* [Task goal]:
Could the data below be retyped exactly, without its pictures?

* [Excerpted data]:
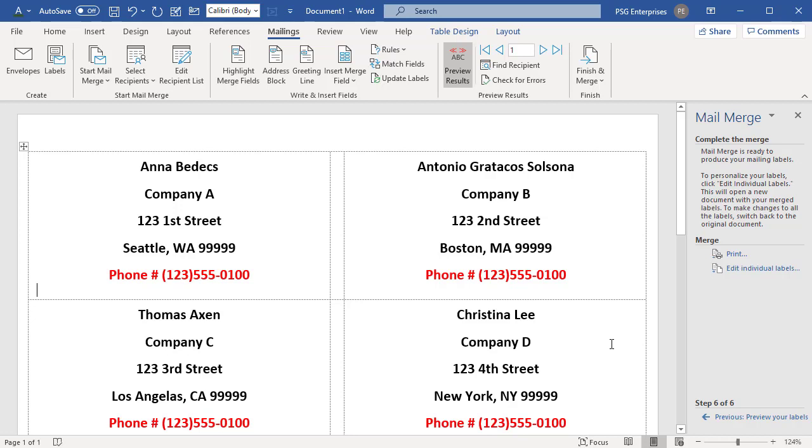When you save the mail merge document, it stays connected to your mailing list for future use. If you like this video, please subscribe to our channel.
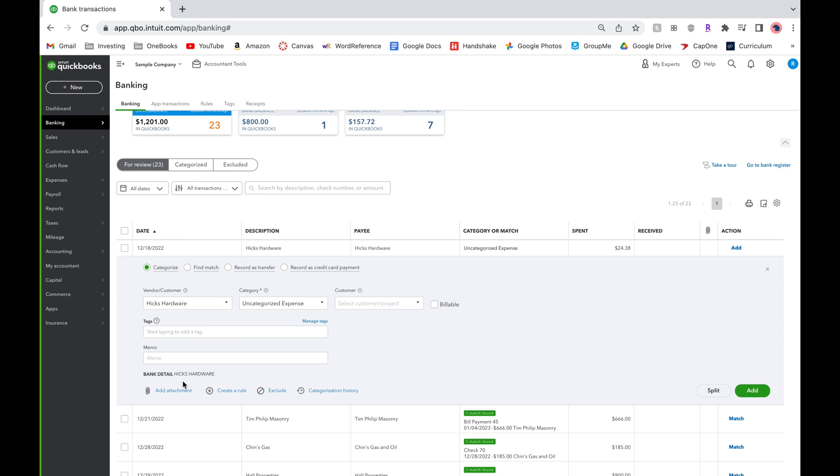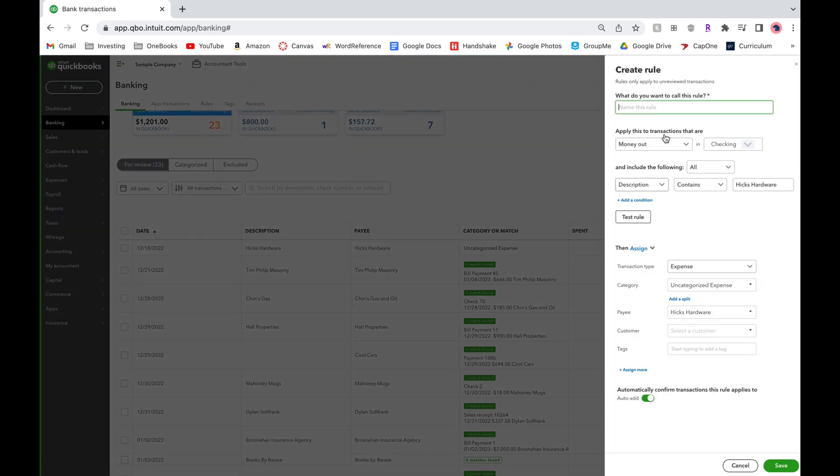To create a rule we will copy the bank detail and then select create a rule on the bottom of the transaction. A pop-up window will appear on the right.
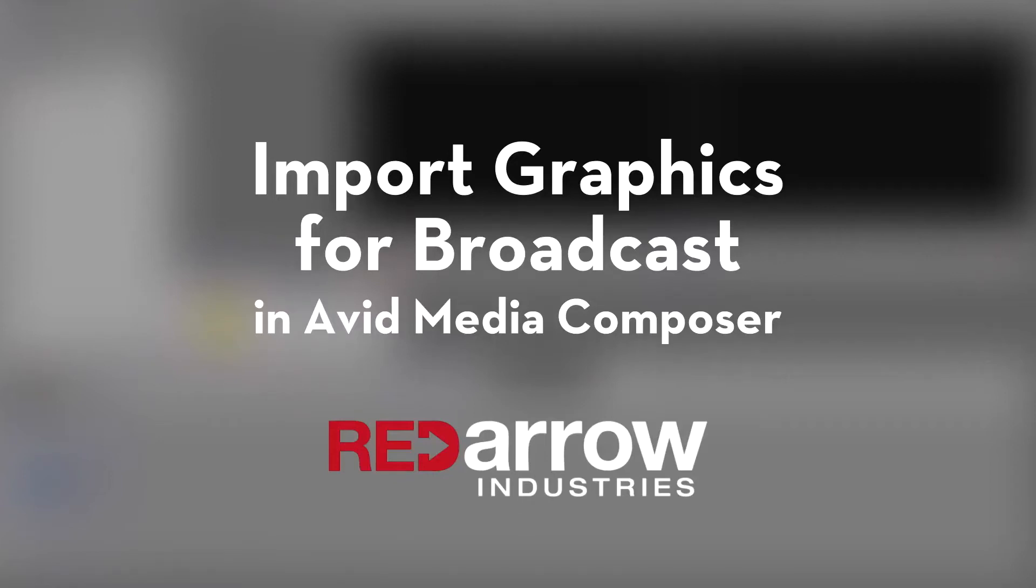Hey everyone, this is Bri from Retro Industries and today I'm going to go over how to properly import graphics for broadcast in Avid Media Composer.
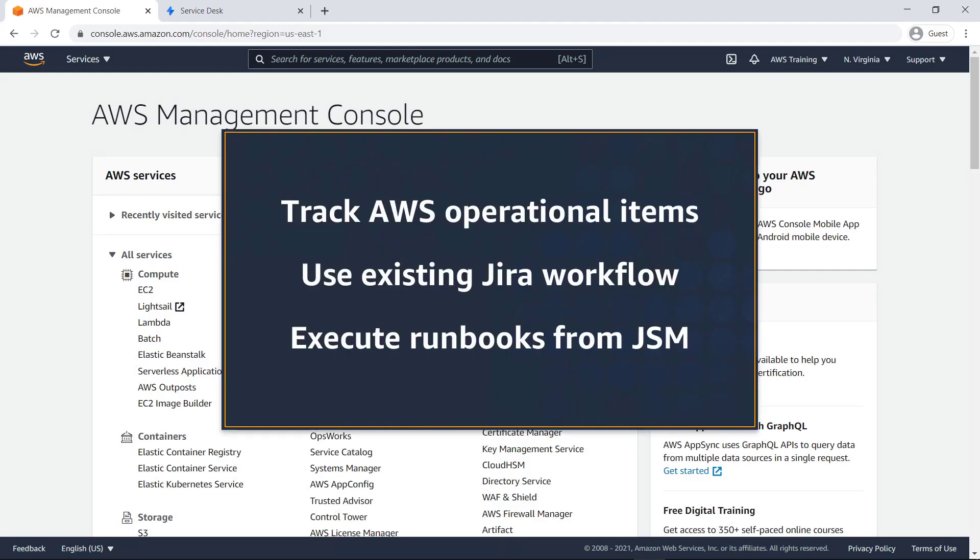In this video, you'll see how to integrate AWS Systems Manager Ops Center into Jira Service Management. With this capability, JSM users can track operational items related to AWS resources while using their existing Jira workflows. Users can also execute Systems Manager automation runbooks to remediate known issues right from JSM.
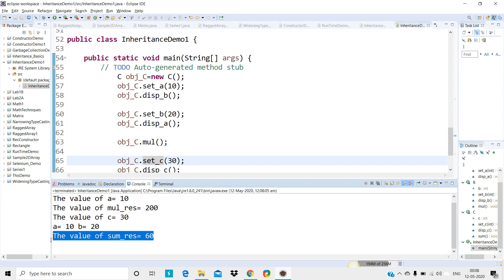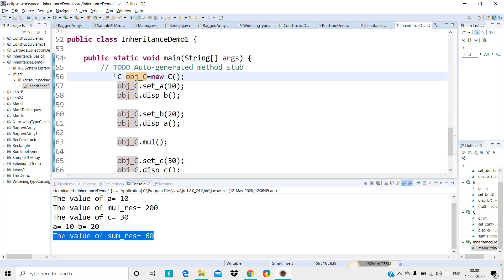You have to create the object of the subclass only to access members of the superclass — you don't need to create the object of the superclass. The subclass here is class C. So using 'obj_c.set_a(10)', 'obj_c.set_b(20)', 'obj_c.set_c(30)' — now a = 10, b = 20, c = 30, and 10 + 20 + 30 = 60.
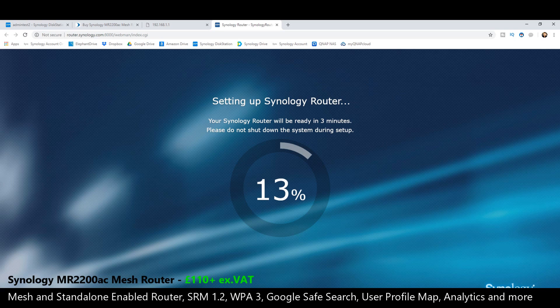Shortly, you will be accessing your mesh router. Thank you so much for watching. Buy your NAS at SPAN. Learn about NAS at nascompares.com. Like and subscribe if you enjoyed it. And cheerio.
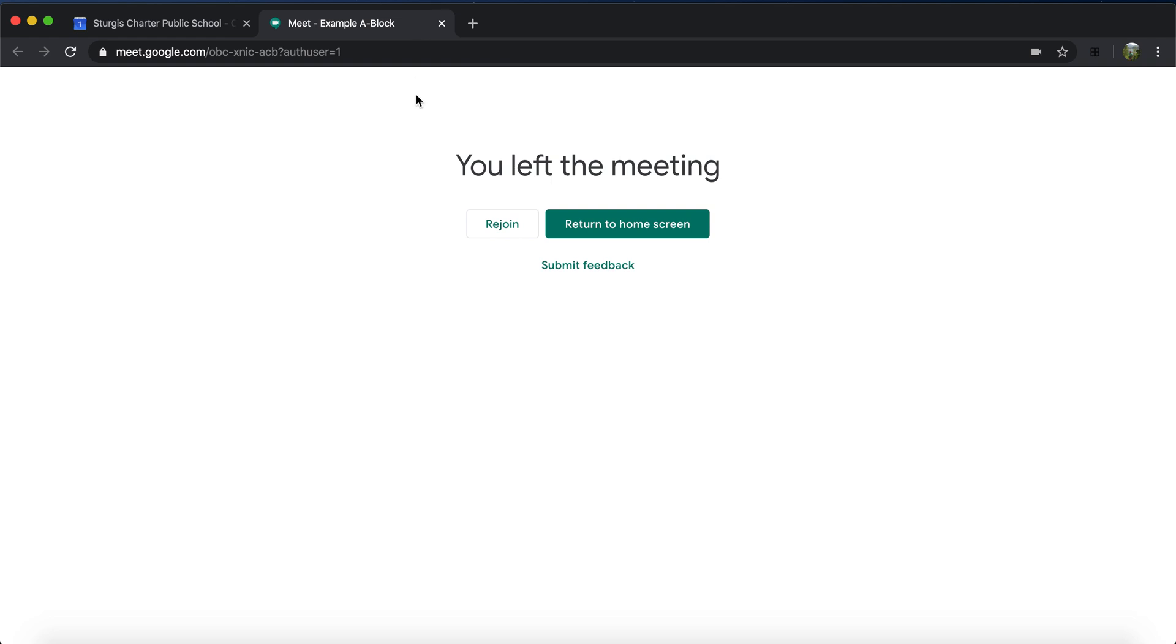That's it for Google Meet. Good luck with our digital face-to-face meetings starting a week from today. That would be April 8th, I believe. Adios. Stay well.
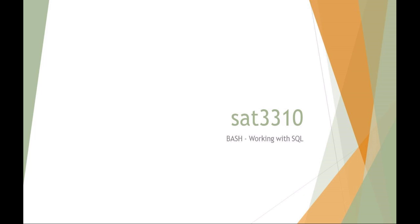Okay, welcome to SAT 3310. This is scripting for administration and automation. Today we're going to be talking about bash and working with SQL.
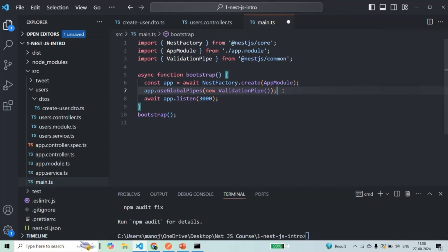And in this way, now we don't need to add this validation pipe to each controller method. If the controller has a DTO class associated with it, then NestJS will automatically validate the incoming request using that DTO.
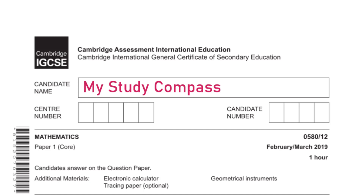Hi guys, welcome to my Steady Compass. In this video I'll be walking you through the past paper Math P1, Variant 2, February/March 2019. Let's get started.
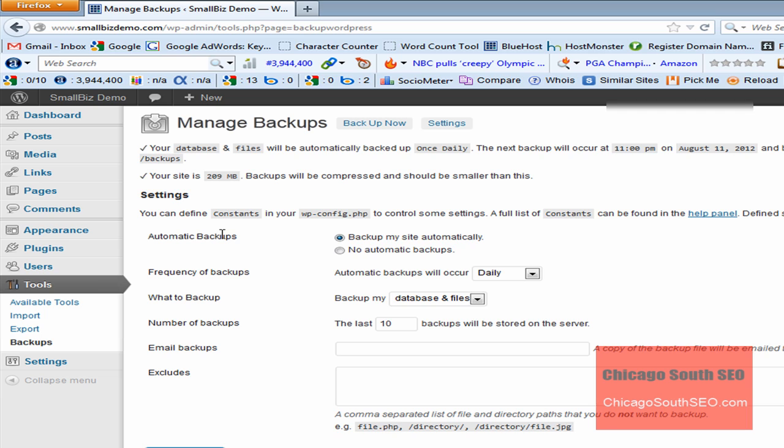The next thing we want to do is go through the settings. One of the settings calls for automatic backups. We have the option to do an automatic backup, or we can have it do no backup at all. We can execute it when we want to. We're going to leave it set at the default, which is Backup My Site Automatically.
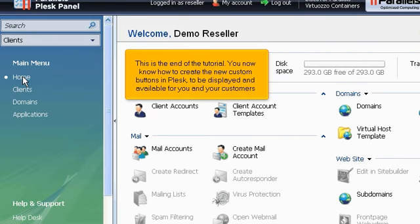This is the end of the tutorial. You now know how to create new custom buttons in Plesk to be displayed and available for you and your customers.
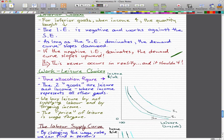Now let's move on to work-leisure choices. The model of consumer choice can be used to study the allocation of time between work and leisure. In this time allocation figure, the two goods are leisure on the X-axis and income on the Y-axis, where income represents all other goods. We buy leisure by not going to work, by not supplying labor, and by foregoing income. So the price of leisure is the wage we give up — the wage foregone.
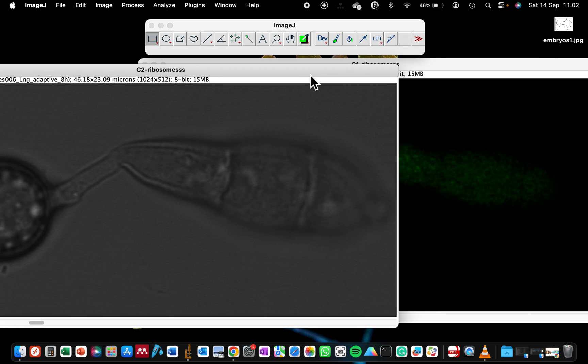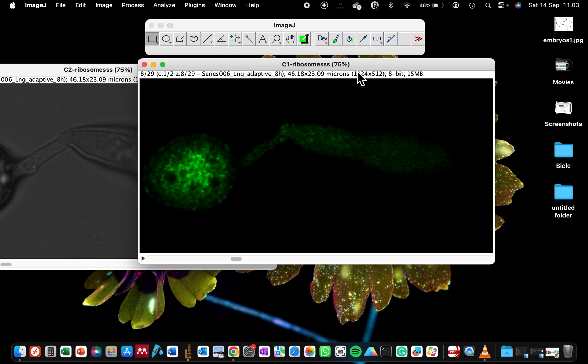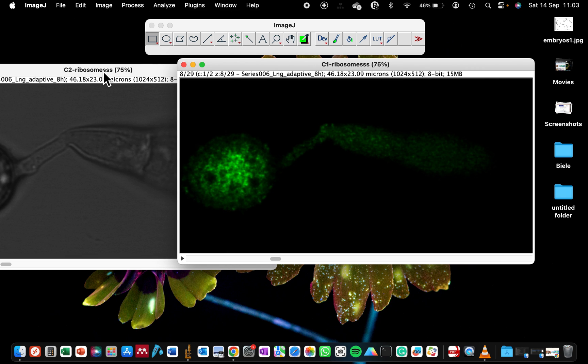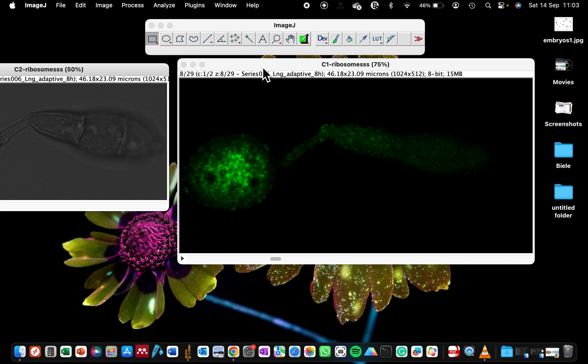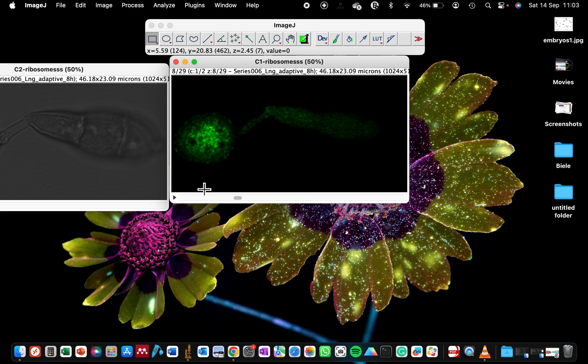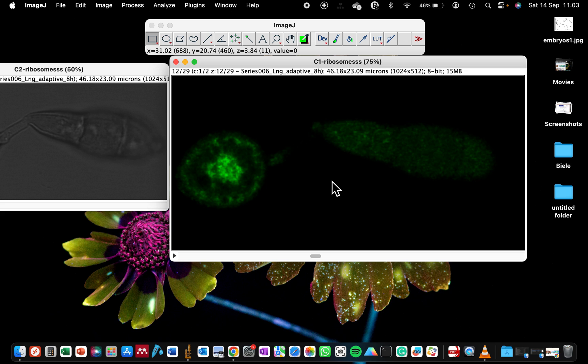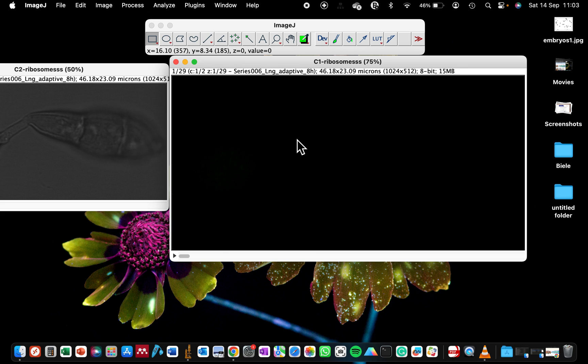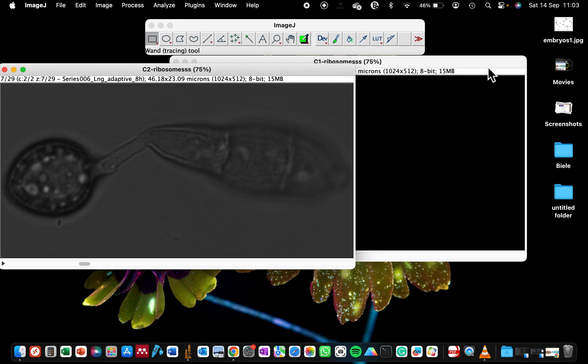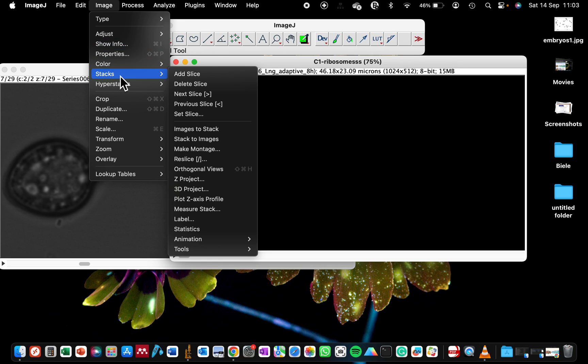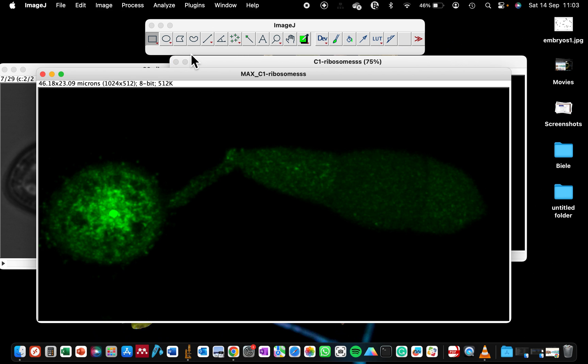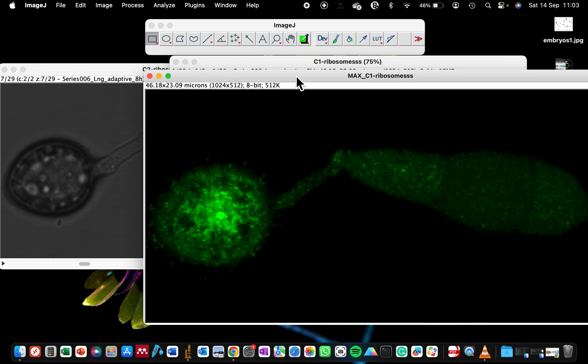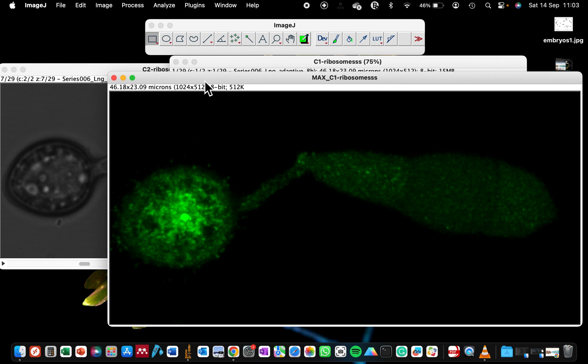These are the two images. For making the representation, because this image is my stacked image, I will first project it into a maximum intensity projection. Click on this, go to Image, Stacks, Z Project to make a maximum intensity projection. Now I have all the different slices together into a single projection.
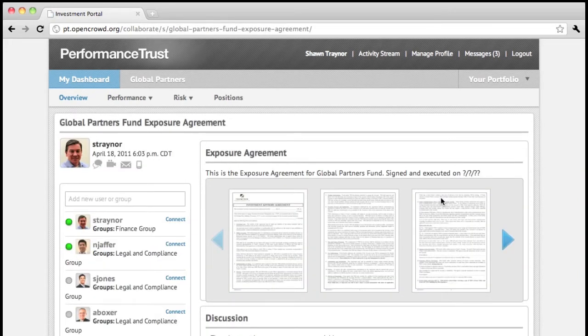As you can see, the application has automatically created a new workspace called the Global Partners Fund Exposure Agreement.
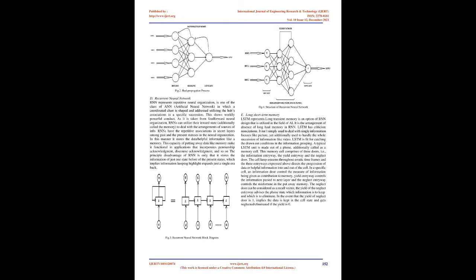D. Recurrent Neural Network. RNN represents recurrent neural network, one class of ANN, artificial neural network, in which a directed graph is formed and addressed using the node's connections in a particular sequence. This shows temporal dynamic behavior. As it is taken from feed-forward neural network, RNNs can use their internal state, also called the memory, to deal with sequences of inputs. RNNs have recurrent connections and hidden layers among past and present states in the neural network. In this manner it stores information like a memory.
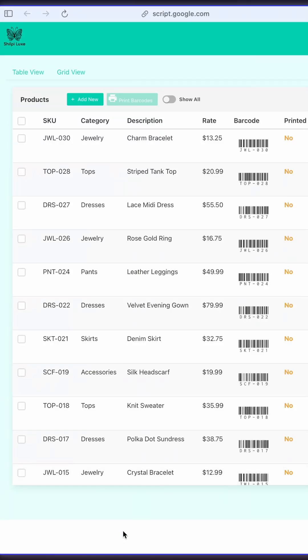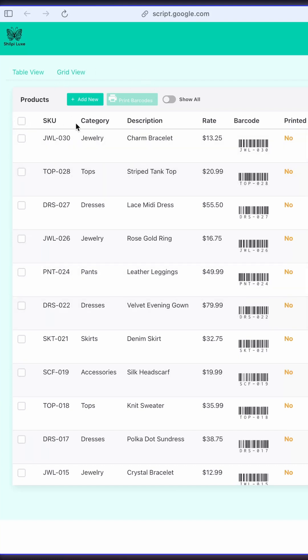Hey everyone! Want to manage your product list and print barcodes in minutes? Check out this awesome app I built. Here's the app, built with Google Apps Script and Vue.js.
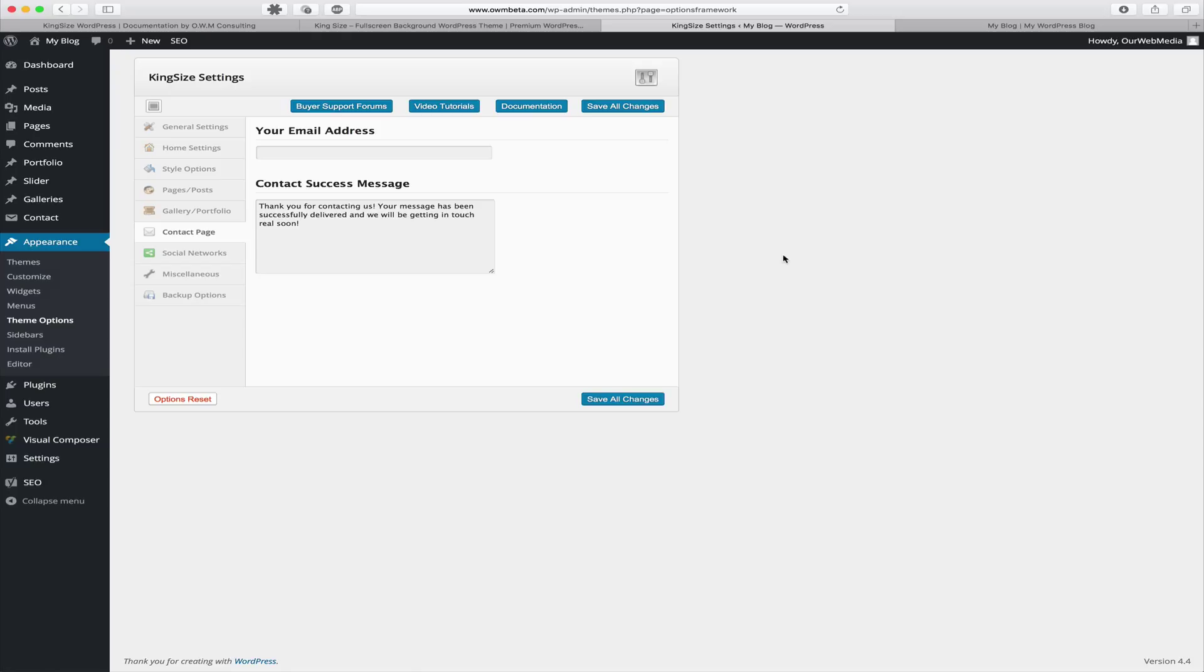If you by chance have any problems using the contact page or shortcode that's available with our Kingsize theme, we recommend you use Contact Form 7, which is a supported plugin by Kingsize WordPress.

* [Exercise result]:
When you save the mail merge document, it stays connected to your mailing list for future use. If you like this video, please subscribe to our channel.
To create a rule we will copy the bank detail and then select create a rule on the bottom of the transaction. A pop-up window will appear on the right.
Hey everyone, this is Bri from Retro Industries and today I'm going to go over how to properly import graphics for broadcast in Avid Media Composer.
In this video, you'll see how to integrate AWS Systems Manager Ops Center into Jira Service Management. With this capability, JSM users can track operational items related to AWS resources while using their existing Jira workflows. Users can also execute Systems Manager automation runbooks to remediate known issues right from JSM.
You have to create the object of the subclass only to access members of the superclass — you don't need to create the object of the superclass. The subclass here is class C. So using 'obj_c.set_a(10)', 'obj_c.set_b(20)', 'obj_c.set_c(30)' — now a = 10, b = 20, c = 30, and 10 + 20 + 30 = 60.
Shortly, you will be accessing your mesh router. Thank you so much for watching. Buy your NAS at SPAN. Learn about NAS at nascompares.com. Like and subscribe if you enjoyed it. And cheerio.
That's it for Google Meet. Good luck with our digital face-to-face meetings starting a week from today. That would be April 8th, I believe. Adios. Stay well.
Okay, welcome to SAT 3310. This is scripting for administration and automation. Today we're going to be talking about bash and working with SQL.
And in this way, now we don't need to add this validation pipe to each controller method. If the controller has a DTO class associated with it, then NestJS will automatically validate the incoming request using that DTO.
Hi guys, welcome to my Steady Compass. In this video I'll be walking you through the past paper Math P1, Variant 2, February/March 2019. Let's get started.
The next thing we want to do is go through the settings. One of the settings calls for automatic backups. We have the option to do an automatic backup, or we can have it do no backup at all. We can execute it when we want to. We're going to leave it set at the default, which is Backup My Site Automatically.
This is the end of the tutorial. You now know how to create new custom buttons in Plesk to be displayed and available for you and your customers.
Now let's move on to work-leisure choices. The model of consumer choice can be used to study the allocation of time between work and leisure. In this time allocation figure, the two goods are leisure on the X-axis and income on the Y-axis, where income represents all other goods. We buy leisure by not going to work, by not supplying labor, and by foregoing income. So the price of leisure is the wage we give up — the wage foregone.
These are the two images. For making the representation, because this image is my stacked image, I will first project it into a maximum intensity projection. Click on this, go to Image, Stacks, Z Project to make a maximum intensity projection. Now I have all the different slices together into a single projection.
As you can see, the application has automatically created a new workspace called the Global Partners Fund Exposure Agreement.
D. Recurrent Neural Network. RNN represents recurrent neural network, one class of ANN, artificial neural network, in which a directed graph is formed and addressed using the node's connections in a particular sequence. This shows temporal dynamic behavior. As it is taken from feed-forward neural network, RNNs can use their internal state, also called the memory, to deal with sequences of inputs. RNNs have recurrent connections and hidden layers among past and present states in the neural network. In this manner it stores information like a memory.
Hey everyone! Want to manage your product list and print barcodes in minutes? Check out this awesome app I built. Here's the app, built with Google Apps Script and Vue.js.
If you by chance have any problems using the contact page or shortcode that's available with our Kingsize theme, we recommend you use Contact Form 7, which is a supported plugin by Kingsize WordPress.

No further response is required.